(Web page caption snippets)
↓↓↓

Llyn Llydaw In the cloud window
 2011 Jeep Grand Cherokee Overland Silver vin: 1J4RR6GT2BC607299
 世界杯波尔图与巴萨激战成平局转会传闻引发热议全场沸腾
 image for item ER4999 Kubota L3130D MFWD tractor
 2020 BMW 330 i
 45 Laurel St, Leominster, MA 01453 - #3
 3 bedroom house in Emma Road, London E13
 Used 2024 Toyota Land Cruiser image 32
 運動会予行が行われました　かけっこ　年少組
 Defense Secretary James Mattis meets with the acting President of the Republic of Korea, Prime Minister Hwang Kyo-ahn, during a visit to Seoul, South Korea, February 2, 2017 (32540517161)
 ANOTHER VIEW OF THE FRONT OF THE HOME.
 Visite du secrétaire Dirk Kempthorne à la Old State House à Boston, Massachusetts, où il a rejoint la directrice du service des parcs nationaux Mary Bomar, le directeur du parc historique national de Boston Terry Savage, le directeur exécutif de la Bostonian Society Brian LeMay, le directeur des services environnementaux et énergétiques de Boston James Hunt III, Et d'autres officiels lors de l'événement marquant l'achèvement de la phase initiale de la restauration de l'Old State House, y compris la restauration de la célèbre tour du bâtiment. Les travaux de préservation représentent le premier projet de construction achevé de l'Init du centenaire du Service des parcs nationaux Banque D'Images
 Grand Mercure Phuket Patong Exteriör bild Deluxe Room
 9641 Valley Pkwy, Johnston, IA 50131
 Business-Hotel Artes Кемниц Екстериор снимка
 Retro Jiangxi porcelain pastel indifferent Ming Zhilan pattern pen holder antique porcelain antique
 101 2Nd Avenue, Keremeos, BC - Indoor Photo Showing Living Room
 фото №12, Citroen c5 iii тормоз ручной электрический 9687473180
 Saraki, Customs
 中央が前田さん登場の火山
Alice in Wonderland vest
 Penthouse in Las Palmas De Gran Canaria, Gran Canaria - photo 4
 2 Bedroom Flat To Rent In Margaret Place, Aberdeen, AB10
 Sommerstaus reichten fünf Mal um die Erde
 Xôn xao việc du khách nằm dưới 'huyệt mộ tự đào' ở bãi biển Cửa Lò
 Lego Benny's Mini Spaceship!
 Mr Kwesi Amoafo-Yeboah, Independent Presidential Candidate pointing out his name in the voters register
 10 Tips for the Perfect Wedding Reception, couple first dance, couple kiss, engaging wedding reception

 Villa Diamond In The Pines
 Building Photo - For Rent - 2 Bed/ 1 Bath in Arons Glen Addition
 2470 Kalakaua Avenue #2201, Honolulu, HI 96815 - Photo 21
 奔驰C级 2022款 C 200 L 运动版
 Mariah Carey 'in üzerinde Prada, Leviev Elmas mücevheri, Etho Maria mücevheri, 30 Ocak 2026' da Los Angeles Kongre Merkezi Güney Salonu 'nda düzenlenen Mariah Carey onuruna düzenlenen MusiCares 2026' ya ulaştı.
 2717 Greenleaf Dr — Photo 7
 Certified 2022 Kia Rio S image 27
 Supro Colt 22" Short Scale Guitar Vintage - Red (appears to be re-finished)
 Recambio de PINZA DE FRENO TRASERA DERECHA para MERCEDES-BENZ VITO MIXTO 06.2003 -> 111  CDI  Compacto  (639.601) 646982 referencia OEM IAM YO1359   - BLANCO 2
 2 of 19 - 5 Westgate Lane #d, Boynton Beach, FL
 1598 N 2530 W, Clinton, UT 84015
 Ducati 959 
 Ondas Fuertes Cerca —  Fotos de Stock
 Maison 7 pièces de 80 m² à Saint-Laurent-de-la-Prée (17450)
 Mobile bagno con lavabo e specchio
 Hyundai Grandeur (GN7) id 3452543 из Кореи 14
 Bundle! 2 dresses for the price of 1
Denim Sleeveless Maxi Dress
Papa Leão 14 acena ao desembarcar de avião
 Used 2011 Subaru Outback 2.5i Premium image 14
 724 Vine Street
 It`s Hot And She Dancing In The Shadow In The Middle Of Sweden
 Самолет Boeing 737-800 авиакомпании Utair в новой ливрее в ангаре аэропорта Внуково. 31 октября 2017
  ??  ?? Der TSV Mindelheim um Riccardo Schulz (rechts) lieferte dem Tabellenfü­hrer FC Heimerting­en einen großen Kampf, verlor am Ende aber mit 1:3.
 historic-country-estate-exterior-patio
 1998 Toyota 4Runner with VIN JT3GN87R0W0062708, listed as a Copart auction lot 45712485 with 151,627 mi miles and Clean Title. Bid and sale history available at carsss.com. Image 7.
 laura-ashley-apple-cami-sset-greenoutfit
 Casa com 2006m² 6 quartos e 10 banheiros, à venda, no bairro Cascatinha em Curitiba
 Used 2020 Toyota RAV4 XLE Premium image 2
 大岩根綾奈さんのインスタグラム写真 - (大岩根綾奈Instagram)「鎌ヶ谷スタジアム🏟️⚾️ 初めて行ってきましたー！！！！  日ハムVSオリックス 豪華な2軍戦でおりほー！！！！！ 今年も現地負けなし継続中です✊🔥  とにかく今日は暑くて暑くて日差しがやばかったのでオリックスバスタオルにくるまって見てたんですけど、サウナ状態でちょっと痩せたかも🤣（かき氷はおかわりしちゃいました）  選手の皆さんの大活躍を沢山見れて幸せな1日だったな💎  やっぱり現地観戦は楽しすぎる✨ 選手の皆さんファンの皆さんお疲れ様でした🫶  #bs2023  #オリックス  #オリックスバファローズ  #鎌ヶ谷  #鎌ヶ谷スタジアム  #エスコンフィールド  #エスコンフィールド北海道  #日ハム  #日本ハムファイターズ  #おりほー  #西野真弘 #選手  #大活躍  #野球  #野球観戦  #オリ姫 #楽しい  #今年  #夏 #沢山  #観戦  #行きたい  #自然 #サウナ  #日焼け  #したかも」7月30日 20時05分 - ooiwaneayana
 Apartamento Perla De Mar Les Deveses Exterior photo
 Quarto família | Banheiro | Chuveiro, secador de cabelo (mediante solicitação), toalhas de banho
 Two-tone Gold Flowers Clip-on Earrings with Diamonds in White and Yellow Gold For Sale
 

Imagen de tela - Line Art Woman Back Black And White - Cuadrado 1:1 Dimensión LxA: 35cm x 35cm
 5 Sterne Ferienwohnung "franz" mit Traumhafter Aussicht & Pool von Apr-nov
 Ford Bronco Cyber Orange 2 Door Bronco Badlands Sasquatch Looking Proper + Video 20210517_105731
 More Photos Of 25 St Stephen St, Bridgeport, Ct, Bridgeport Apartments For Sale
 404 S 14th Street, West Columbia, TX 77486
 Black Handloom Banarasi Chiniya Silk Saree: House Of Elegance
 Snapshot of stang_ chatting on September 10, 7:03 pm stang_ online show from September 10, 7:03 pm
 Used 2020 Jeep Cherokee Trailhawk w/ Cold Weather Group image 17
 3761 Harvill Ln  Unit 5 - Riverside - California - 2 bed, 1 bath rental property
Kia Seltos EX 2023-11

↑↑↑

▶ [What is expected]:
Among the records above, extract exactly the lines from the line with "Sommerstaus reichten fünf Mal um die Erde" to the line with "Mr Kwesi Amoafo-Yeboah, Independent", both lines included, and leave out the rest.

▶ [Response to this exercise]:
 Sommerstaus reichten fünf Mal um die Erde
 Xôn xao việc du khách nằm dưới 'huyệt mộ tự đào' ở bãi biển Cửa Lò
 Lego Benny's Mini Spaceship!
 Mr Kwesi Amoafo-Yeboah, Independent Presidential Candidate pointing out his name in the voters register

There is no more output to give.